Thirdly, the net equity position of the surveyed clubs improved considerably in
the post-FFP period. The post FFP-period saw net asset position almost
double. This finding is in contrast with existing studies, which have theorised
that an increase in losses and debts results in a deterioration in net equity
position. However, the evidence alludes to other factors being responsible for
the seemingly abnormal improvement. For example, FFP regulation requires
owners of clubs that do not break-even to provide investments to help
improve the clubs ability to be profitable. A case of note is that of Tottenham
who recorded losses and also had indebtedness increase but surprisingly
recorded an increase in net equity position. Therefore this thesis concludes
that the requirement which mandates owner’s to investment is relevant
revenue generating ventures is aiding clubs to report improvement in equity
61
position. With that being said, three clubs still reported negative equity in the
period after introduction.
Finally, the surveyed clubs’ cumulative employee benefits expense as a
percentage of revenue wage-as-a-percentage-of-revenue) remained within
the 70% suggested threshold. This is as a result of higher revenue growth in
relation to employee benefits. However, the thesis found out that although the
clubs’ wage-as-a-percentage-of-revenue remained within the threshold, it
actually increased and if it is not controlled it could go beyond 70% in future.
This also provides evidence as to why the cumulative profitability worsened;
because employee benefits (wages) forms the major component of relevant
expenses. Furthermore, the research found that two clubs had their wage-as-
a-percentage-of-revenue) higher than the 70% mark.

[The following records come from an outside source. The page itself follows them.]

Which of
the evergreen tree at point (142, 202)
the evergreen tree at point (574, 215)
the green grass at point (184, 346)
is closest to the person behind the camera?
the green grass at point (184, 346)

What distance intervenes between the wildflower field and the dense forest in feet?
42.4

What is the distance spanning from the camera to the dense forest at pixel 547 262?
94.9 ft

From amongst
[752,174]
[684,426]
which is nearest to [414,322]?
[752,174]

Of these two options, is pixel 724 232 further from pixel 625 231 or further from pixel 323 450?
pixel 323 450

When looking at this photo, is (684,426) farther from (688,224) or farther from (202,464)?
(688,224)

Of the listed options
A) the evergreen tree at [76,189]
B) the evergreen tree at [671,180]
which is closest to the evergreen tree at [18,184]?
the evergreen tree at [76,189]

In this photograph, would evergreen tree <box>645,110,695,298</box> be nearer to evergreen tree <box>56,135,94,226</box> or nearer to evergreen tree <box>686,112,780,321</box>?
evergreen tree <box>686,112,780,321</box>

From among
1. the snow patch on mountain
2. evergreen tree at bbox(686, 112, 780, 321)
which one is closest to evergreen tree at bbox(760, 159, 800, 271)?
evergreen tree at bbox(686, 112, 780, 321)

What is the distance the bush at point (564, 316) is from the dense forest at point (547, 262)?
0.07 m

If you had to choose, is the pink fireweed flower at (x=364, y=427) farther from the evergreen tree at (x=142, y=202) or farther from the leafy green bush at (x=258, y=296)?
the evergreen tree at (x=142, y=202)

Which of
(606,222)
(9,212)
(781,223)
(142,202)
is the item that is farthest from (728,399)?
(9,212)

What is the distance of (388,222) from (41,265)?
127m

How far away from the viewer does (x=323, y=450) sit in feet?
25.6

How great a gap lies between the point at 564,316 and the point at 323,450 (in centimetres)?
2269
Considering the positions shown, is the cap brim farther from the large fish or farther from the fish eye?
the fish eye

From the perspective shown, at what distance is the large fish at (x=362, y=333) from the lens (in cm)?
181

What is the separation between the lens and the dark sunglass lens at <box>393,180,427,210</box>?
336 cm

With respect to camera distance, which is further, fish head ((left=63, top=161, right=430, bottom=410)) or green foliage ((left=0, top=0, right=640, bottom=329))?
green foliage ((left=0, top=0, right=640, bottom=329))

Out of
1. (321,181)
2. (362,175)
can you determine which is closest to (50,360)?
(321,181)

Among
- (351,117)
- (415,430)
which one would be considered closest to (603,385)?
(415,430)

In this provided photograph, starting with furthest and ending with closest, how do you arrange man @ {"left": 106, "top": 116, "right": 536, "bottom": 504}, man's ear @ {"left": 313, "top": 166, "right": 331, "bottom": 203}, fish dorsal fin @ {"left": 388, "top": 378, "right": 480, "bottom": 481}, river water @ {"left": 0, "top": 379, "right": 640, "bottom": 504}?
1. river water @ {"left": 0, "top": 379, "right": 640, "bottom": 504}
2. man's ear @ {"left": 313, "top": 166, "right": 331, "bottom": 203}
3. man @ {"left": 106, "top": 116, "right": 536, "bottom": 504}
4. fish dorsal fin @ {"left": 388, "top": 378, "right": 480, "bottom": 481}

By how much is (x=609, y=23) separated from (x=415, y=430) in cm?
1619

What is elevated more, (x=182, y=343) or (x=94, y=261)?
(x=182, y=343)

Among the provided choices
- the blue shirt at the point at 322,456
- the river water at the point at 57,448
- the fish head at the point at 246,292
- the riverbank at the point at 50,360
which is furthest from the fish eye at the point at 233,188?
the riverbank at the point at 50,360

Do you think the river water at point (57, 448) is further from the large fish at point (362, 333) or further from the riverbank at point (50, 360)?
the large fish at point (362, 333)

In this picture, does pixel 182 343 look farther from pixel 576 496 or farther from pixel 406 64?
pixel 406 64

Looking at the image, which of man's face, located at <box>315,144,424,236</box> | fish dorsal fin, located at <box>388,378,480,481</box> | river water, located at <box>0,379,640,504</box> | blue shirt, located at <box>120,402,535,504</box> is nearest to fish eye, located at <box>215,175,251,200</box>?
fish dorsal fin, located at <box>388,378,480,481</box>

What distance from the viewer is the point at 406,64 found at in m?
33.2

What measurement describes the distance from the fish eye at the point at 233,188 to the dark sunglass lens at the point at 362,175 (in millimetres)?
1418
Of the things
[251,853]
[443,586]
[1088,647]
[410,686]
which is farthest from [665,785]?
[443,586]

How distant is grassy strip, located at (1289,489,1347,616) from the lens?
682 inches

In conclusion, this thesis found out that there is an inextricable link between
the four variables tested. For example, employee benefits expense affects
profitability and profitability in turn affects indebtedness and equity position.
Therefore, it is possible to conclude that a reduction in employee benefits
expense would go a long way in improving the financial performance of EPL
clubs. This is consistent with the opinion of UEFA, who have stressed the
need for caution in transfer fees and wages for football players. As regards
the research question, the results suggest that there have been cumulative
improvements in some areas of the financial performance of EPL clubs such
as in the case of equity position and wage-as-a-percentage-of-revenue;
whereas for profitability and indebtedness, there has been deterioration for
the surveyed clubs.
6.3 RESEARCH LIMITATIONS AND OPPORTUNITIES FOR FURTHER
STUDY
Although some of the statistical findings of this research are important and
could be useful for further research, there were some constrains encountered
that should be pointed out. Going past these limitations in further researches
would be a step forward. This section highlights these constrains and
suggests some solutions.
62
First of all, this thesis was only able to study eight out of the twenty clubs in
the EPL. As indicated earlier in chapter three, a selection had to be made and
this was due to a limitation in time for the research. Thus the clubs that had
qualified for UEFA competitions were chosen as a more representative
sample for the population. However an analysis of all twenty clubs would
provide more bases to generalise conclusions. Thus, an opportunity for further
research is to expand the number of sample clubs.
Secondly, this thesis was constrained by funds. Not all the financial
statements of the clubs are published because some clubs are not mandated
to do so as a result of their business structure. Thus, the researcher had to
purchase some of the financial statements from Companies house. As a
result, the researcher was constrained to only analysing eight clubs.
Thirdly, at the time of this research FFP has been in operation for five years;
therefore only five years could be analysed and compared. Therefore, future
research could go further than just five years of post-introduction.
Finally, the FFP regulations are numerous and as a result of time and word
constraint, this thesis was only able to focus on four aspects. Therefore,
further studies could go further and analyse other parts of FFP such as the
non-financial aspect like going concern indicators.